:: What the task asks ::
From the first line of the listing to the last, set down everything exactly, but skip the images.

───── Records for this exercise ─────

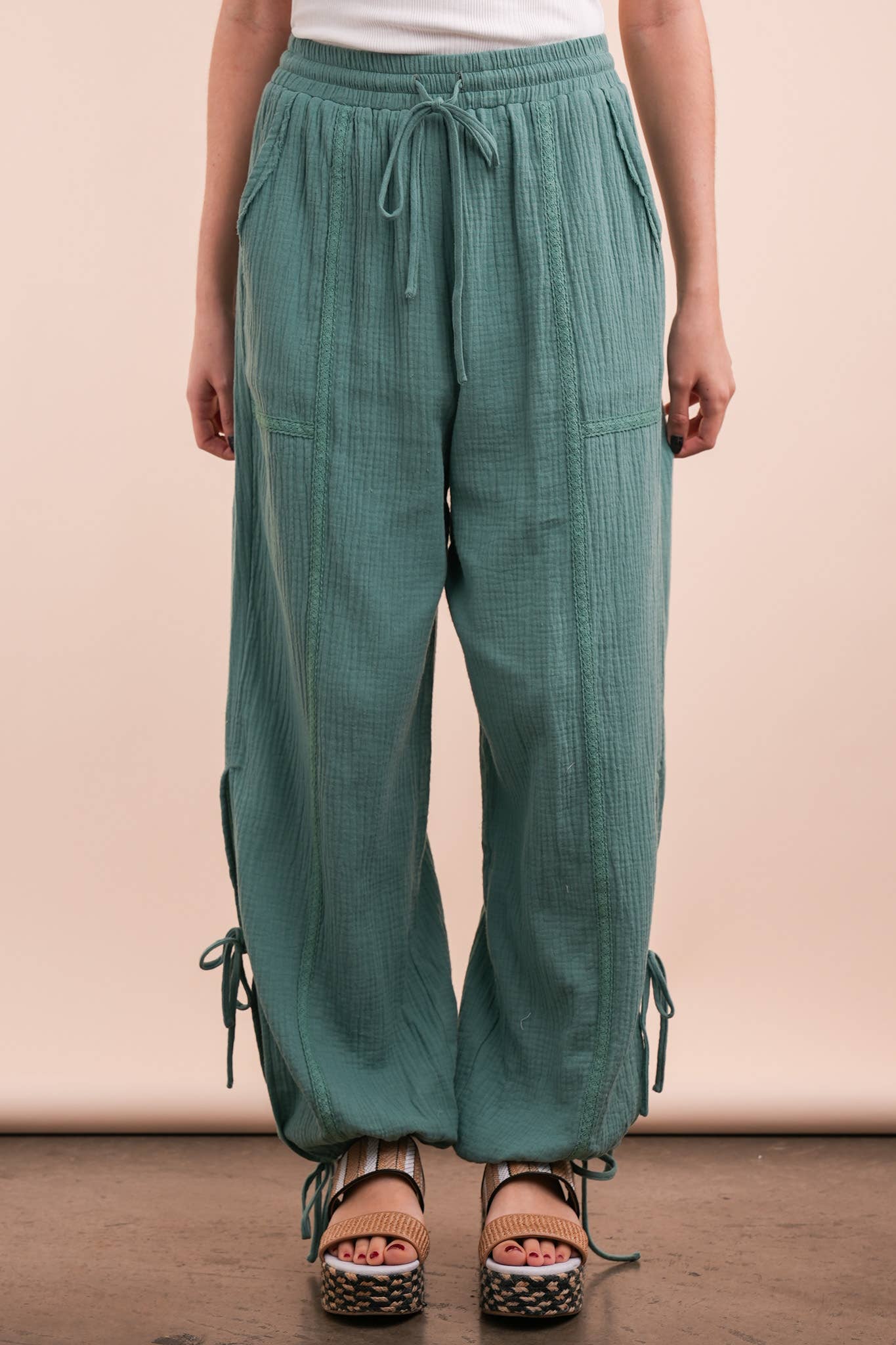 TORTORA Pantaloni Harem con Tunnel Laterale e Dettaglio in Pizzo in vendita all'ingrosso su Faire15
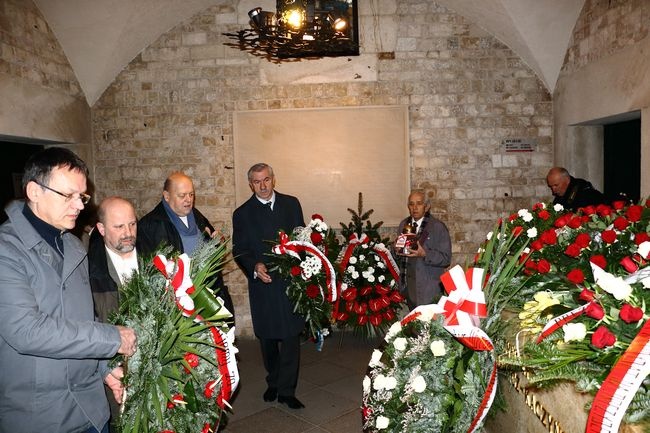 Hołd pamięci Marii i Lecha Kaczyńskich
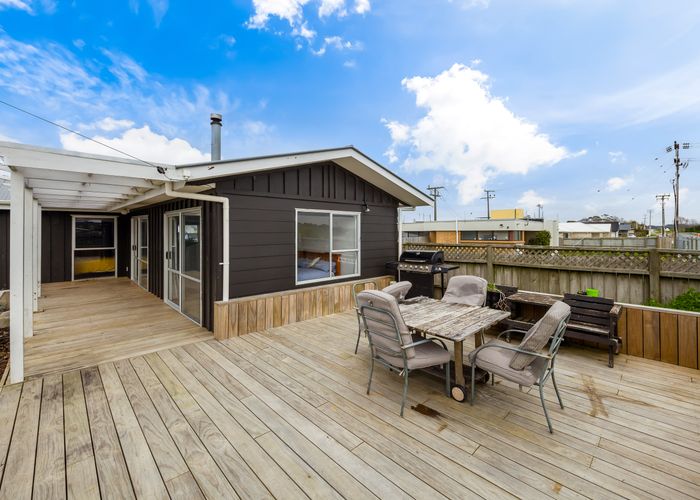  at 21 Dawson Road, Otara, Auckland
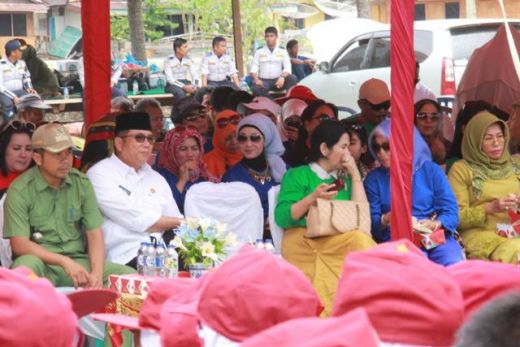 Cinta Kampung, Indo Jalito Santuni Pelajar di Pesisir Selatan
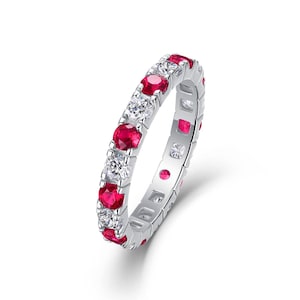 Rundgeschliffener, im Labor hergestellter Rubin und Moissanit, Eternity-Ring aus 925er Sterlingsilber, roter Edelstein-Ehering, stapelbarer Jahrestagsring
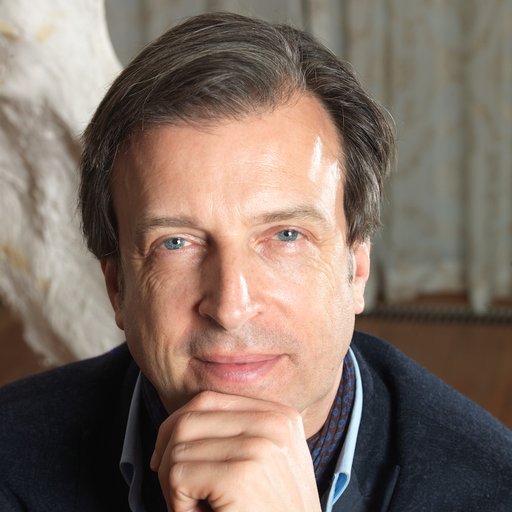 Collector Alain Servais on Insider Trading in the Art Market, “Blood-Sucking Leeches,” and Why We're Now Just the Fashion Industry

─────

:: Response area ::
 TORTORA Pantaloni Harem con Tunnel Laterale e Dettaglio in Pizzo in vendita all'ingrosso su Faire15
 Hołd pamięci Marii i Lecha Kaczyńskich
  at 21 Dawson Road, Otara, Auckland
 Cinta Kampung, Indo Jalito Santuni Pelajar di Pesisir Selatan
 Rundgeschliffener, im Labor hergestellter Rubin und Moissanit, Eternity-Ring aus 925er Sterlingsilber, roter Edelstein-Ehering, stapelbarer Jahrestagsring
 Collector Alain Servais on Insider Trading in the Art Market, “Blood-Sucking Leeches,” and Why We're Now Just the Fashion Industry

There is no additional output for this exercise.